Un paio di anni fa, durante la stesura del mio penultimo libro Nonnità ho chiesto ai miei nipoti, che allora avevano 13 e 15 anni, di darmi una mano. Cosa ricordavano della loro infanzia? Qualche prodezza speciale che potessi raccontare, qualche avventura indimenticabile che fosse rimasta loro impressa nella mente? Silenzio generale. Niente, nonna.
Messi alle corde, lavorati ai fianchi con pressione suadente e piccoli ricatti, poco alla volta hanno blandamente biascicato pallide allusioni all’apprendimento del ping pong, degli scacchi, del poker da parte della nonna, oltre che a una segretissima iniziazione alla guida sul sentiero della casa di campagna. Ancora più pressati hanno ricordato i leggendari grattacieli con eliporto in Lego o gli audaci templi greci con i Kapla. Ma senza costrizioni, per loro, i ricordi non esistevano.
A quale età cominciamo ad avere ricordi? E soprattutto, sono ricordi reali o fittizi?
Sono ricordi indotti dalla memoria altrui? La mia è da elefante, eppure lo strano è che non ho ricordi prima dei sette anni e invidio da morire quelli che li hanno addirittura della vita prenatale: immagino che uno psicoanalista si fregherebbe le mani. Ebbene? Si fa sempre più consistente il dubbio che i nostri ricordi siano costruzioni o proiezioni della nostra fantasia e siamo colmi di nostalgia per le belle /brutte cose che ci vengono narrate.
Penso che una vera messe di ricordi cominci con i vent’anni, quando ci poniamo domande già col sapore dei bilanci esistenziali, allo scadere del secondo decennio, nel passaggio dalle scuole superiori all’università o a mondo del lavoro, quando si cominciano a delineare le scelte, i bivi, il destino.
Ma i VERI ricordi, posto che i neuroni siano intatti, cominciano nella tarda maturità. Chiamiamo così affettuosamente la terza/quarta età, quando le attività si fanno meno pressanti e incombenti, quando ci prodighiamo per riempire gli spazi lasciati vuoti dal lavoro o dalla perdita di persone amate.
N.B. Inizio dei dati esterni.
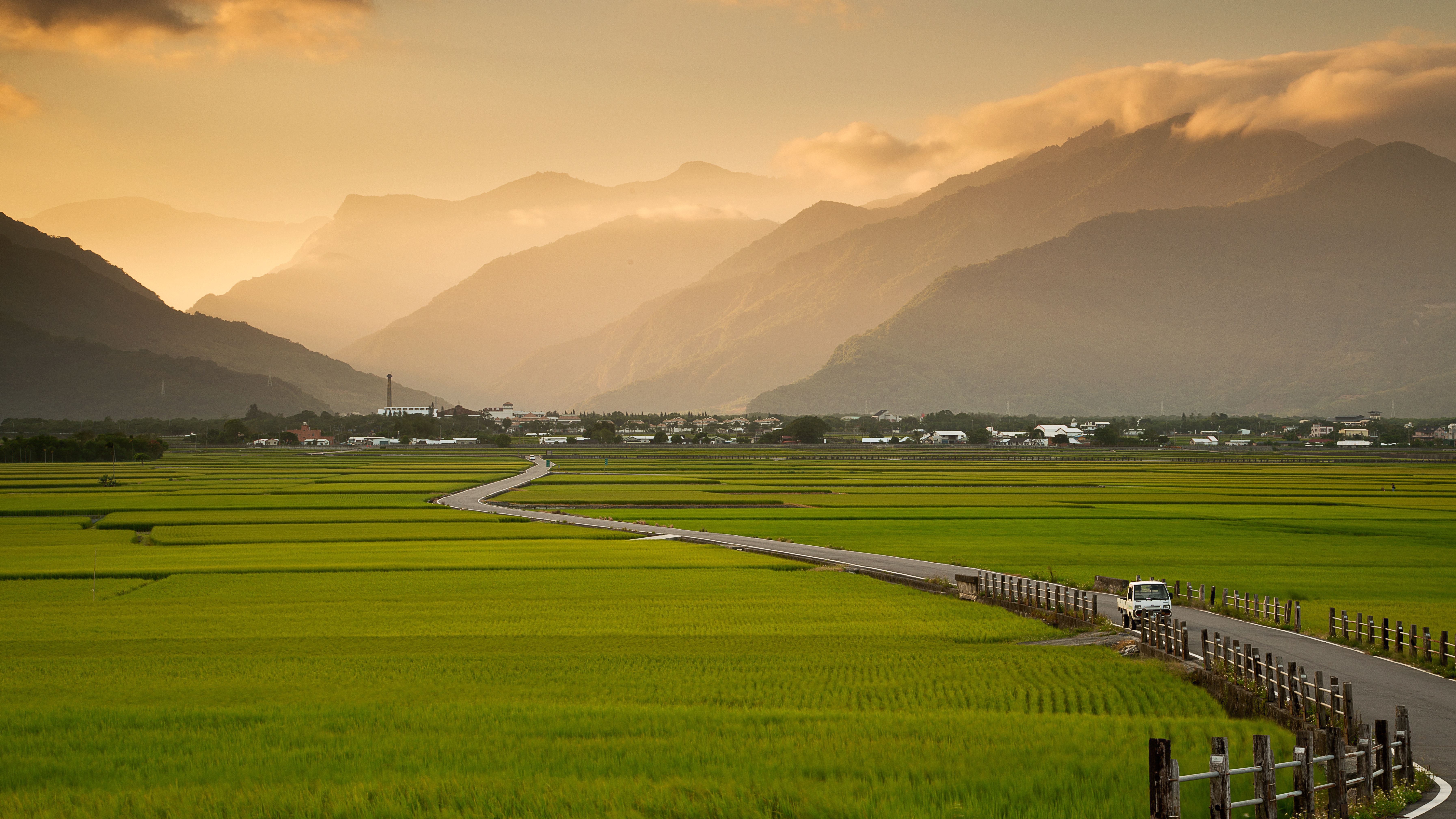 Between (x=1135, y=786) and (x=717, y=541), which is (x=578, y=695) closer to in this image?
(x=1135, y=786)

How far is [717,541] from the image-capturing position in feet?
172

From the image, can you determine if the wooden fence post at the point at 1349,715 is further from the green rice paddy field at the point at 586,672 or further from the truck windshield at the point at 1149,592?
the truck windshield at the point at 1149,592

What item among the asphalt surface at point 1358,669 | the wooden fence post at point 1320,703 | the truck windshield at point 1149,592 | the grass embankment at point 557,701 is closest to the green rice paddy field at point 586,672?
the grass embankment at point 557,701

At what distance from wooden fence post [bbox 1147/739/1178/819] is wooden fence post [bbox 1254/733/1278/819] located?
3.91ft

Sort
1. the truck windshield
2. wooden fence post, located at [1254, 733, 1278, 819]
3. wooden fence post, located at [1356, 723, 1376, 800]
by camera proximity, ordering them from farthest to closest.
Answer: the truck windshield < wooden fence post, located at [1356, 723, 1376, 800] < wooden fence post, located at [1254, 733, 1278, 819]

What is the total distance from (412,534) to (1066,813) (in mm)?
48234

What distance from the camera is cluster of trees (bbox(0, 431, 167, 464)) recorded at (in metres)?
144

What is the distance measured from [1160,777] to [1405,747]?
5.45 m

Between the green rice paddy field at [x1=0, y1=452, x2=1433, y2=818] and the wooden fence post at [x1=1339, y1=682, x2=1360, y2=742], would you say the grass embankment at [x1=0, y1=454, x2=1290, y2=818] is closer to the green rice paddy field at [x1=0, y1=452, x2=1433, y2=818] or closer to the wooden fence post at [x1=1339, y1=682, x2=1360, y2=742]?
the green rice paddy field at [x1=0, y1=452, x2=1433, y2=818]

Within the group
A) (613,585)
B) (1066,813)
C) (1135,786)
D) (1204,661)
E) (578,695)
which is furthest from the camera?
(613,585)

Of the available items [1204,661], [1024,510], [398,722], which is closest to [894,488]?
[1024,510]

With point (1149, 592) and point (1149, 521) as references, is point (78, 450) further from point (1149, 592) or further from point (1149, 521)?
point (1149, 592)

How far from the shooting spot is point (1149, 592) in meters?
27.5

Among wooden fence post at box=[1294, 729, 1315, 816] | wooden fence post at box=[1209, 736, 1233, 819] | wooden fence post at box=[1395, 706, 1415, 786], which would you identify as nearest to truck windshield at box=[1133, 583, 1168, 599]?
wooden fence post at box=[1395, 706, 1415, 786] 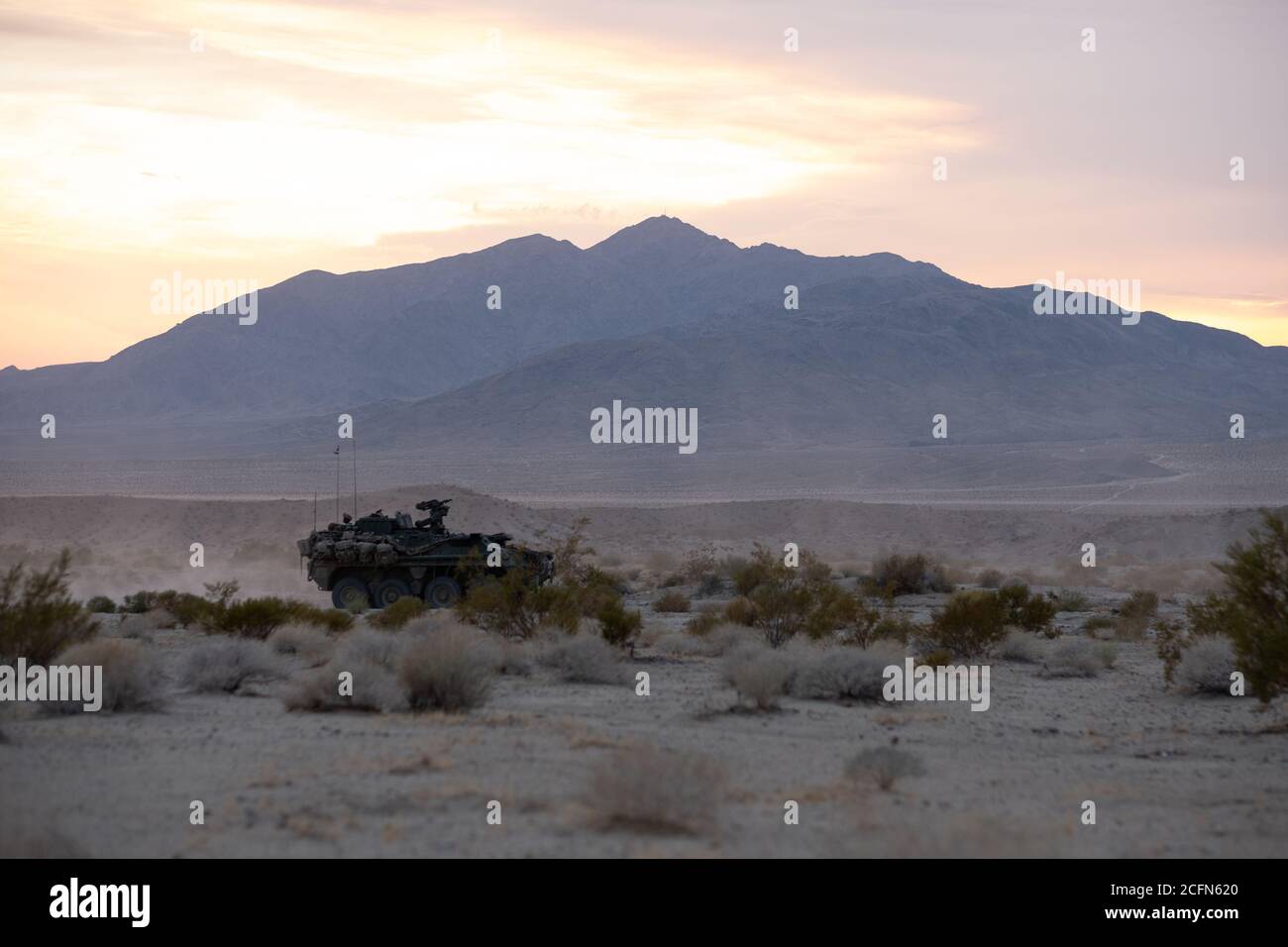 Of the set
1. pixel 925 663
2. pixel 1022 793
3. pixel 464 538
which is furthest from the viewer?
pixel 464 538

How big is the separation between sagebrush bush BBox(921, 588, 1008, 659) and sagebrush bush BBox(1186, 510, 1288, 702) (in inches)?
208

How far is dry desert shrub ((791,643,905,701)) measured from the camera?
16.3 m

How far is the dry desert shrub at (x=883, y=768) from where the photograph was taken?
10500 mm

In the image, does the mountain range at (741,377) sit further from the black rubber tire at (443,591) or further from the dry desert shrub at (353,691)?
the dry desert shrub at (353,691)

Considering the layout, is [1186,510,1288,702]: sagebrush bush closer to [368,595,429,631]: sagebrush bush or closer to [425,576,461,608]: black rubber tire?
[368,595,429,631]: sagebrush bush

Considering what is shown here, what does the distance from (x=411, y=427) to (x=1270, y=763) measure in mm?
121835

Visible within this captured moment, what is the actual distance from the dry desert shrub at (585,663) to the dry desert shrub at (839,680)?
2708 mm

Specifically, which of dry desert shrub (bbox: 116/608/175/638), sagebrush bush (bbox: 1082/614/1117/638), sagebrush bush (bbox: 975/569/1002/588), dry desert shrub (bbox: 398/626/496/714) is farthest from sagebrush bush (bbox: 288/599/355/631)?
sagebrush bush (bbox: 975/569/1002/588)

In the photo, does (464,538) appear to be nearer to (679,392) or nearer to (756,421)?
(756,421)

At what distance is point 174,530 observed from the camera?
57656 mm

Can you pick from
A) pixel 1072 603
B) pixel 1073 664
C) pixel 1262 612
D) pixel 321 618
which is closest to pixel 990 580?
pixel 1072 603

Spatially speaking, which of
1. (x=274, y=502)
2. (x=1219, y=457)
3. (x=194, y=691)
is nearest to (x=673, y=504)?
(x=274, y=502)

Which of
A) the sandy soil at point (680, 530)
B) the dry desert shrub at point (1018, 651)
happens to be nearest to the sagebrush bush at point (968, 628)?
the dry desert shrub at point (1018, 651)

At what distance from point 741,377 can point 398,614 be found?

Allora sì che, come ALIENI, subentrano i ricordi! Un po’ fantasmatici come un coro greco, un po’ amici/nemici, che vengono ad abitare, con sempre crescente intento di OCCUPARE, la nostra mente o il cuore, o tutti e due. E ci sono più cose dentro la nostra testa che fuori, ha detto qualcuno. Scrive Musil nell’Uomo senza qualità: di solito i ricordi invecchiano insieme con l’uomo e gli episodi più appassionati acquistano col tempo una prospettiva ridicola. Come se fossero visti in fondo a una fila di novantanove porte spalancate.
Belli o brutti, i ricordi. Quali prevalgono in te? E soprattutto quali sono veri e quali sono falsi?